Believing that an artist– a poet, painter or filmmaker must talk and record the issues of her/his times, National award-winning Punjabi filmmaker Rajeev Kumar feels that whenever massacres, wars or any other tragedy strikes, the worst sufferers are women. “With this poem, she responds not just as an artist but also as a woman. Just like Paash wrote in the 1970s that ‘we are living in the era of Vietnam'(US intervention in Vietnam).’ It is the way that she has articulated the tragedy and brought forth the suffering of all sides that makes it special.”

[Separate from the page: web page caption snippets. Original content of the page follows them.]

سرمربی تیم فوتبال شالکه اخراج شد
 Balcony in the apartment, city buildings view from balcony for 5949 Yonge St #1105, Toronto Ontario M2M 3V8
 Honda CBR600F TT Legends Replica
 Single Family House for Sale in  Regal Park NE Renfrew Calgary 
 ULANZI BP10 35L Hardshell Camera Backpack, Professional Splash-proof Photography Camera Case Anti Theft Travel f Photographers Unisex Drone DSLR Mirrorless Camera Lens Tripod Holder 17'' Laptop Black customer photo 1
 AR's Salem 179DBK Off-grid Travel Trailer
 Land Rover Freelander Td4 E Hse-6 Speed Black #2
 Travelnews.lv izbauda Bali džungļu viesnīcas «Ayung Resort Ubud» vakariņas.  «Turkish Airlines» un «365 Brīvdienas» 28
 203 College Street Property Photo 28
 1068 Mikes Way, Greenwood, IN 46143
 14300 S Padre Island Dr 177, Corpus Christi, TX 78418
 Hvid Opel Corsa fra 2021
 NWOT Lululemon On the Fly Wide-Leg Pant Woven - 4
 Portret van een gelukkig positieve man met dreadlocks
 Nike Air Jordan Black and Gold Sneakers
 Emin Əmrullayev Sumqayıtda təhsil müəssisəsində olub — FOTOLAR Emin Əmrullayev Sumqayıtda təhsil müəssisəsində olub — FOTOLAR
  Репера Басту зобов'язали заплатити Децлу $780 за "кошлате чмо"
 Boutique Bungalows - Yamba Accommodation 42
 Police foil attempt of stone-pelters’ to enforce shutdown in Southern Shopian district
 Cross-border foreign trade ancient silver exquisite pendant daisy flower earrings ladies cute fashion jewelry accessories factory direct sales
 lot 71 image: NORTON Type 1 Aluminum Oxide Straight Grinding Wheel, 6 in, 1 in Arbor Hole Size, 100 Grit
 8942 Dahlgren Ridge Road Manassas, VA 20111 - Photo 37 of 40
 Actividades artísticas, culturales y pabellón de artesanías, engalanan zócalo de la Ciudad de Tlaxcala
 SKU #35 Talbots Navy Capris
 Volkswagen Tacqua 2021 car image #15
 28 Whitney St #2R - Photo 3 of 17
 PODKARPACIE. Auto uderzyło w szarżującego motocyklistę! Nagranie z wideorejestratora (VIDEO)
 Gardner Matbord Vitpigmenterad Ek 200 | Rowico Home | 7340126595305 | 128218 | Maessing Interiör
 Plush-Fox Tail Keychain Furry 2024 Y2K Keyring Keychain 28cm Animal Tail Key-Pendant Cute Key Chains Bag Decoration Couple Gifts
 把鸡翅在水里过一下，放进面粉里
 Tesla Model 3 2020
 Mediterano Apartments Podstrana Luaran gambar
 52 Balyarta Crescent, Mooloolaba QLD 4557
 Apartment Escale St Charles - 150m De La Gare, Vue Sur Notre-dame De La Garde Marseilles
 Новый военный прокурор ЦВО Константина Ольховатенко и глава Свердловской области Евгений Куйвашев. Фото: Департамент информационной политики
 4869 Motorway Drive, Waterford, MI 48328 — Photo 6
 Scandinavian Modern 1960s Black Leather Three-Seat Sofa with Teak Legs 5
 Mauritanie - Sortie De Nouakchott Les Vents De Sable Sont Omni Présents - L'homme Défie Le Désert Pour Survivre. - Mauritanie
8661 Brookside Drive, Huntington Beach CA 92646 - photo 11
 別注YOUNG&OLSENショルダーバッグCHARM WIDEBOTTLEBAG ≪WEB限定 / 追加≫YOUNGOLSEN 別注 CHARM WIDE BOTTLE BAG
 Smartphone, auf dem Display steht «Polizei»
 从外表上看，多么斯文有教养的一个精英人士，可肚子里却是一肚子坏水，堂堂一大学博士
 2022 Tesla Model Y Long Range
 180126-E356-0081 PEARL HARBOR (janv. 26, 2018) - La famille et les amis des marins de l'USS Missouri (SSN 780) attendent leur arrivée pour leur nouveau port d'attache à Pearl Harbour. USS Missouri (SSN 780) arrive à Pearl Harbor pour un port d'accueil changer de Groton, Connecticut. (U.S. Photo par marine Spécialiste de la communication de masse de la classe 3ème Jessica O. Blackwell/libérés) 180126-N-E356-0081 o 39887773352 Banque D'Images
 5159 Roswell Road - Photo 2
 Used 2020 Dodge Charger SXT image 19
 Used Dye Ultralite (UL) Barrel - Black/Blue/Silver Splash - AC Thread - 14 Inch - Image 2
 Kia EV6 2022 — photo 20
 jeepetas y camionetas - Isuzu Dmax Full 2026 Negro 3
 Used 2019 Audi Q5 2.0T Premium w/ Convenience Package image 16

Even as it remains of the most talked about poems on the Partition, poet Desraj Kali, who has written extensively on Dalit issues and was published and praised widely by Amrita Pritam in her magazine ‘Nagmani’ believes that this is the poet’s worst work. “Reading this poem, one feels she has no clue about Waris Shah’s works, especially Heer. Shah’s Heer is a revolutionary character, she didn’t cry or get emotional. No father in Punjab even now dares to name his daughter Heer. She is anti-establishment, anti-system — both politically and socially, for her tradition means nothing. I fail to understand why Punjabis from both sides are so obsessed with this work. Don’t they look within? Are they trying to say that all the killings were just in frenzy? Let us not forget many were calculated ones too.”
Poet Sudeep Sen feels that we all know what happened in 1947, but the poem is a humbling reminder of the past and a fervent cry to rise up and hold firm. “There are echoes here that one can relate to current-day politics – but a poem elicits much more, both at the level of history and emotion,” he concludes.